Current touring musicians
- Brooks Tipton – piano, keyboards (2017–present)

Former members
- Andrew Maysilles – drums, percussion (2004–2005)
- Garrett Brown – lead guitar (2004–2005)
- Jonathan Corley – bass guitar (2004–2013)
- Chris Freeman – keyboards, additional drums, percussion, backing vocals (2006–2016)
- Trevor Dowdy – lead guitar, keyboards (2007–2008)
- Jeremiah Edmond – drums, percussion (2005–2009)
- Benjamin Homola – drums, percussion (2010)
- Len Clark – drums, percussion (2011)
- Tim Very (Note: November 22, 1983 February 14, 2026) – drums, percussion, backing vocals (2011–2026; died 2026)

==Discography==

- I'm Like a Virgin Losing a Child (2006)
- Mean Everything to Nothing (2009)
- Simple Math (2011)
- Cope (2014)
- A Black Mile to the Surface (2017)
- The Million Masks of God (2021)

==Podcasts==
Manchester Orchestra has consistently released a series of video podcasts throughout their career. Over one hundred podcasts have been released since September 2006 on the band's YouTube page. They begin during the recording process of the band's first record I'm Like a Virgin Losing a Child, and continue to highlight key moments of the band's progression. These 5- to 10-minute videos were released as a way to connect with fans and to give them a glimpse of what it's actually like touring and making records. These videos were filmed and edited by filmmaker and founding band member Jonathan Corley. The numbering of these podcasts reflect different time periods, and reset for each additional record release.

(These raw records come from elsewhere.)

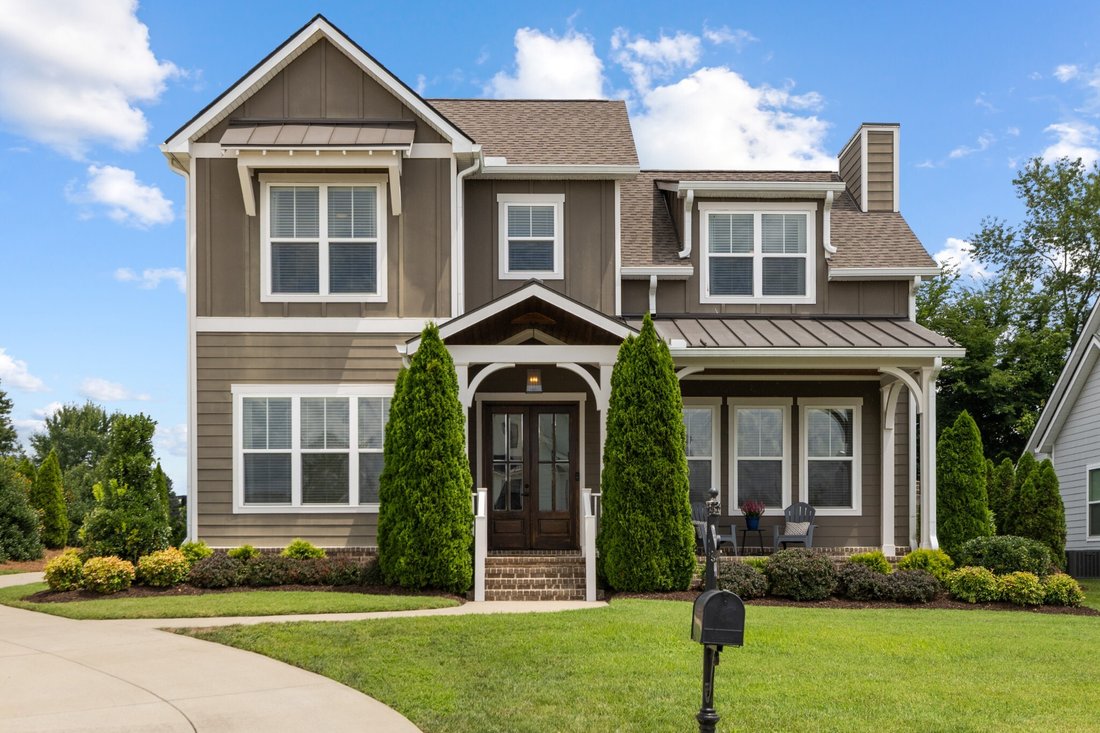 House in Spring Hill, Tennessee, United States 1 - 18497337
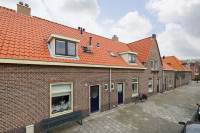 Woning Byzantiumstraat 55 Haarlem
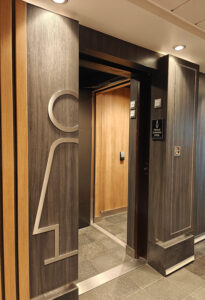 Ladies Changing Room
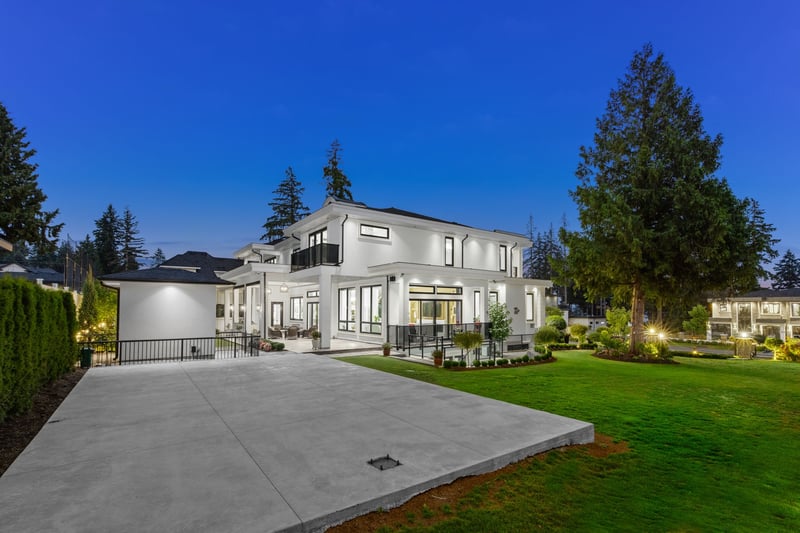 Luxury estate at 13083 57 Avenue, Surrey, BC — photo 20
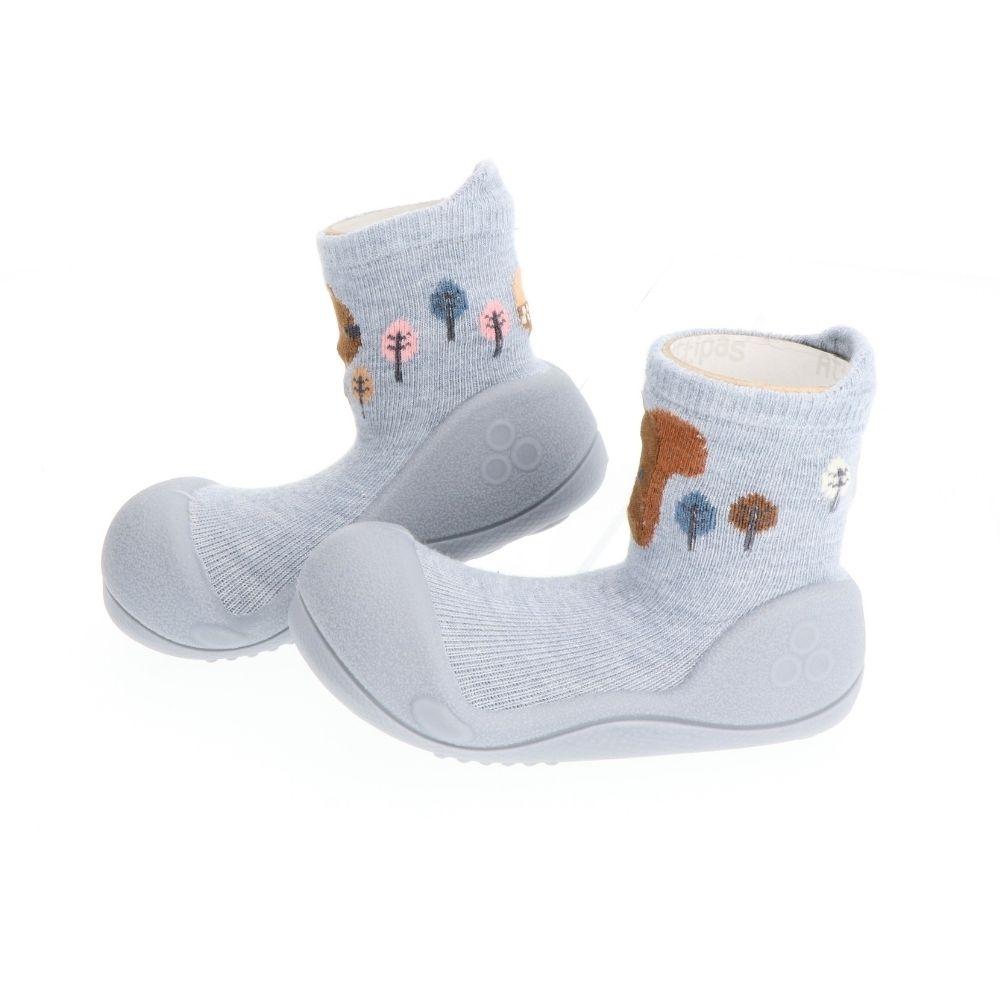 Attipas Woodland Blue Squirrel (inverno)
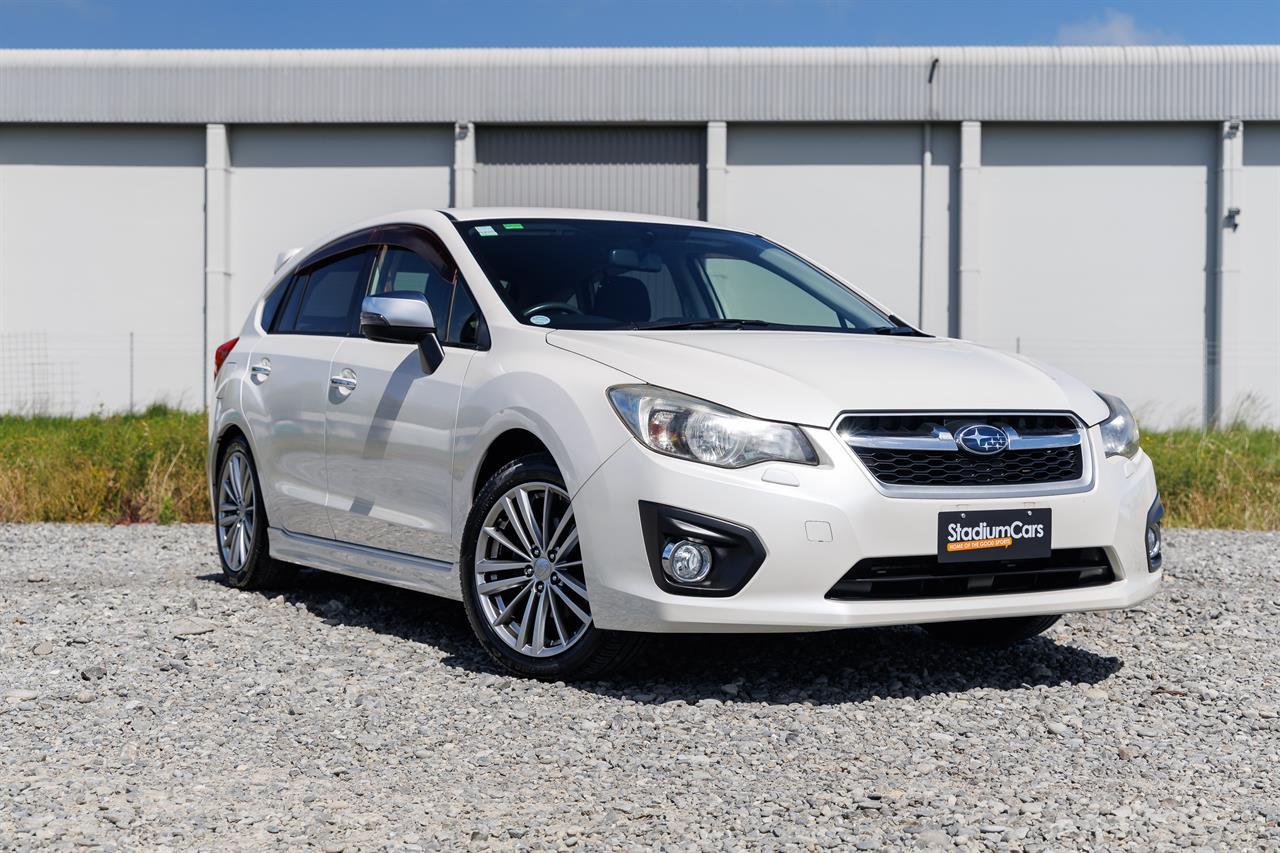 image-0, 2014 Subaru Impreza SPORT 2.0I S-LIMITED at Christchurch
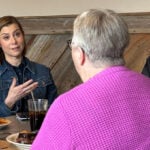 Elissa Slotkin is testing whether winning in Trump country is a winning message for Democrats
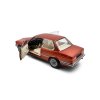 BMW 323i E21 1980 kaštanově červená metalíza 1 18 Solido 1812802 06
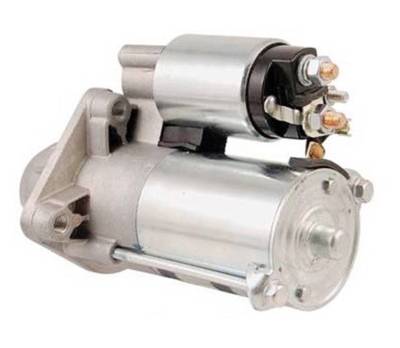 Rareelectrical - New Starter Motor Compatible With European Model Ford Fiesta 1.2 1.4 1.6 2002-On 0-001-107-087 - Image 4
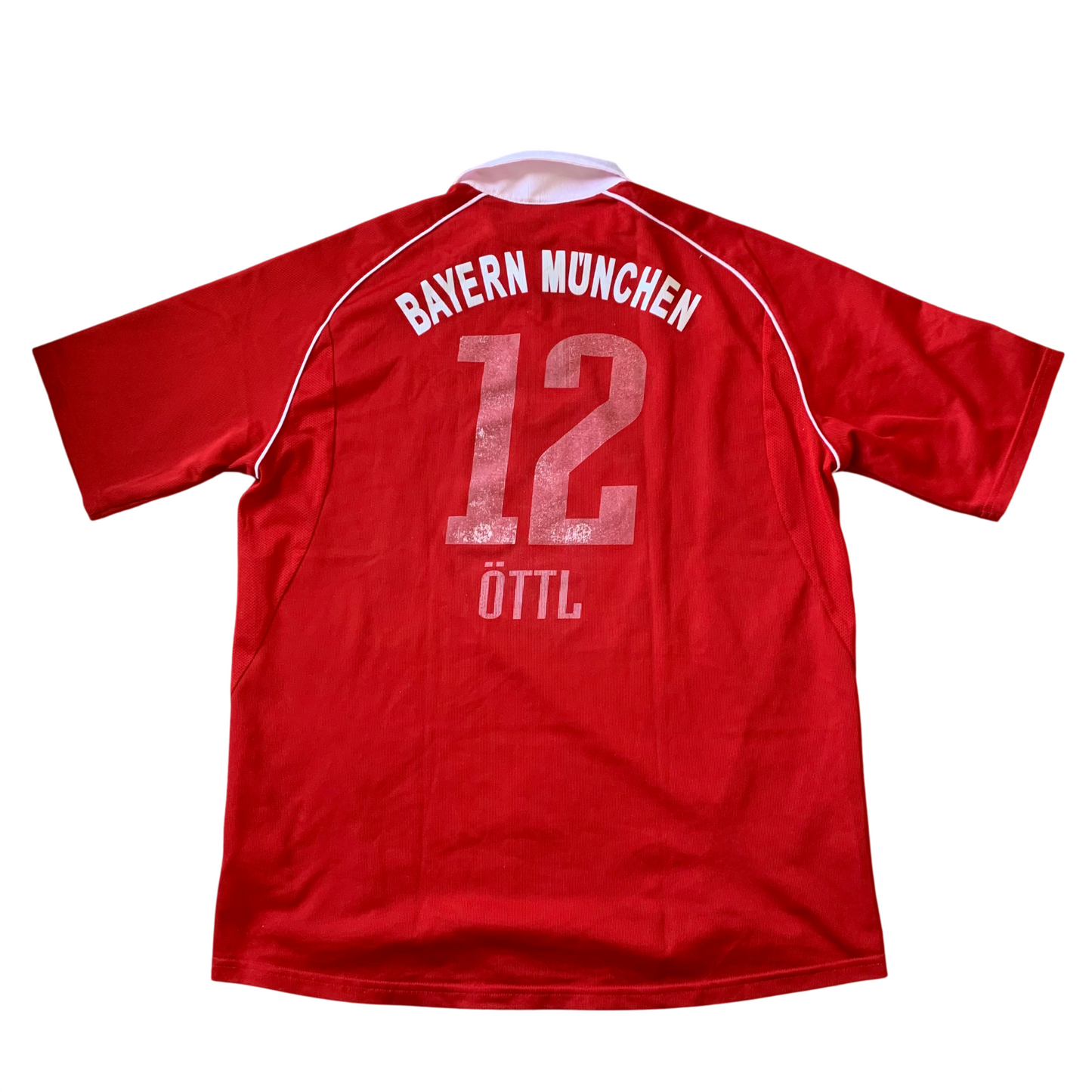 FC Bayern München Trikot 2005/06 Heim #12 (XL) Adidas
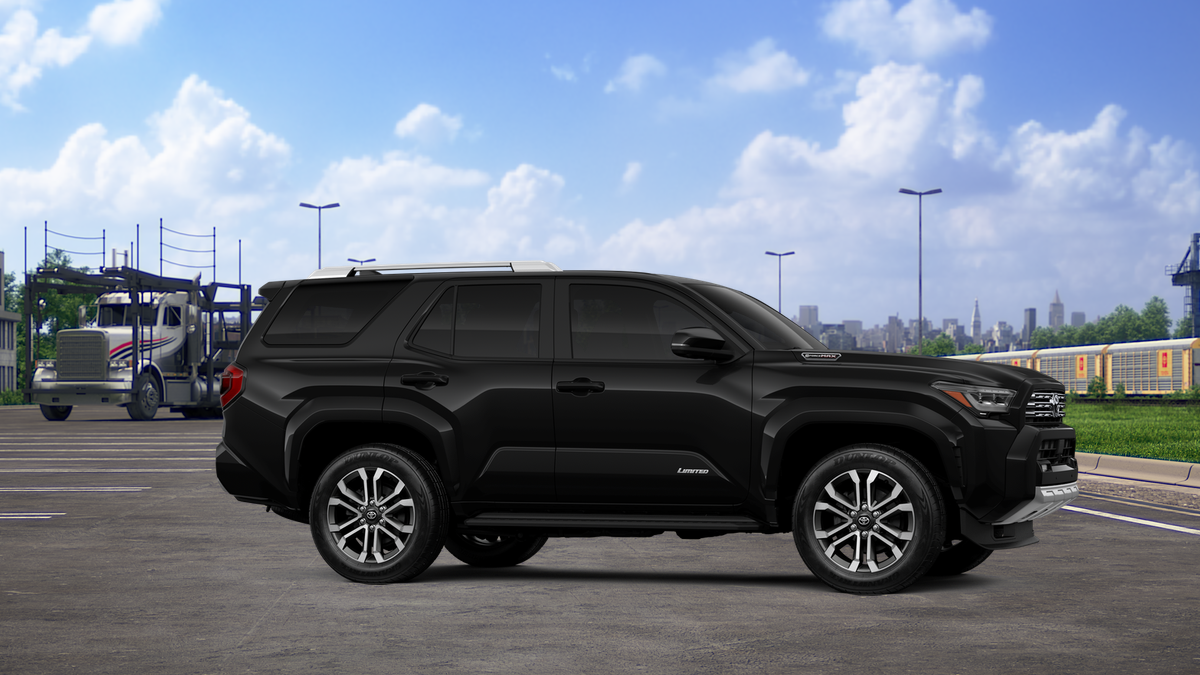 2026 Toyota 4Runner i-FORCE MAX Hybrid Limited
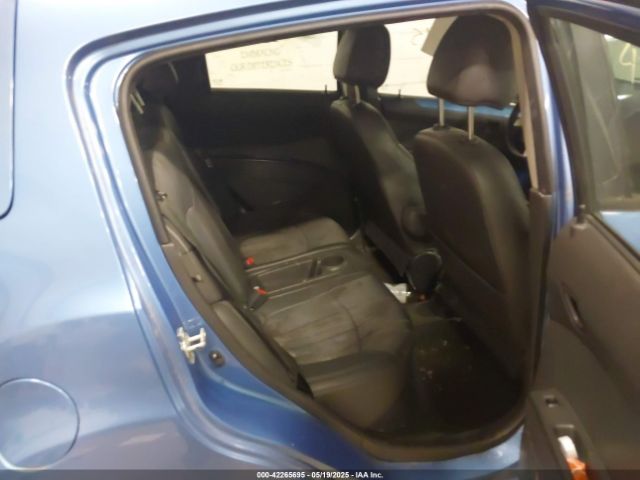 KL8CD6S98EC508232 Chevrolet Spark 1lt Auto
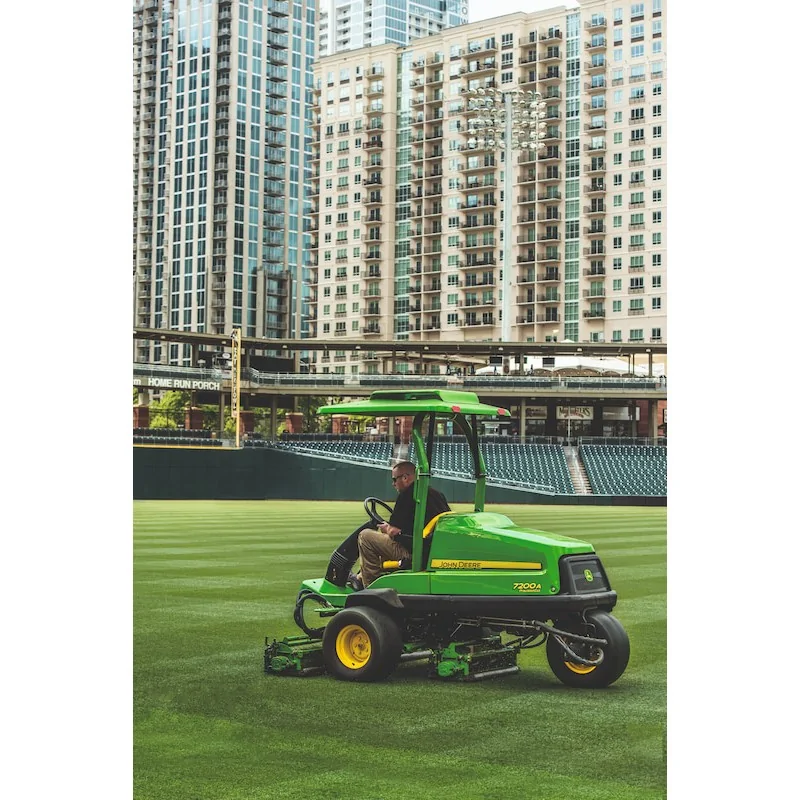 TONDEUSE HELICOIDALE - JOHN DEERE - 7200A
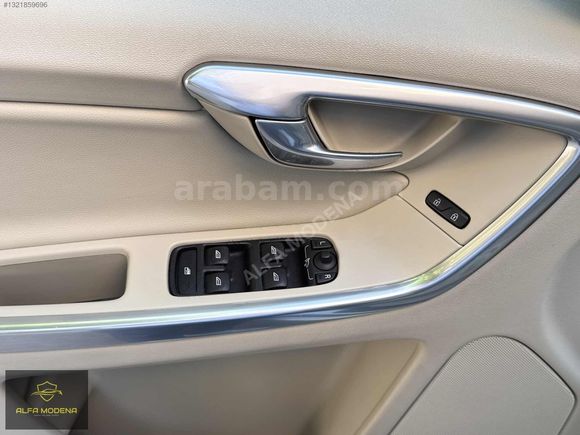 MODENA'DAN 2016 XC60 D4 ADVANCE 190 BG 8 İLERİ ÇOK DÜŞÜK KM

==Related musical projects==
Several of the members of Manchester Orchestra are involved in other music projects. Andy Hull has a solo project called Right Away, Great Captain! as well as a band called Bad Books consisting of Hull and Kevin Devine. Robert McDowell's solo project is called Gobotron. In addition to Manchester Orchestra, Andy Prince plays bass for Kevin Devine and Nashville-based band The Gills.

==The Stuffing==
The band hosts, curates, and performs at an annual festival in Atlanta called "The Stuffing". The festival began in 2010 and takes place every year around Thanksgiving. In addition to Manchester Orchestra, past performers include Cage the Elephant, Kevin Devine, O'Brother, The Front Bottoms, All Get Out, Grouplove, Dustin Kensrue and more. 2016 was the 7th year of The Stuffing and featured Manchester Orchestra performing their album I'm Like a Virgin Losing a Child in its entirety to celebrate the album's 10-year anniversary.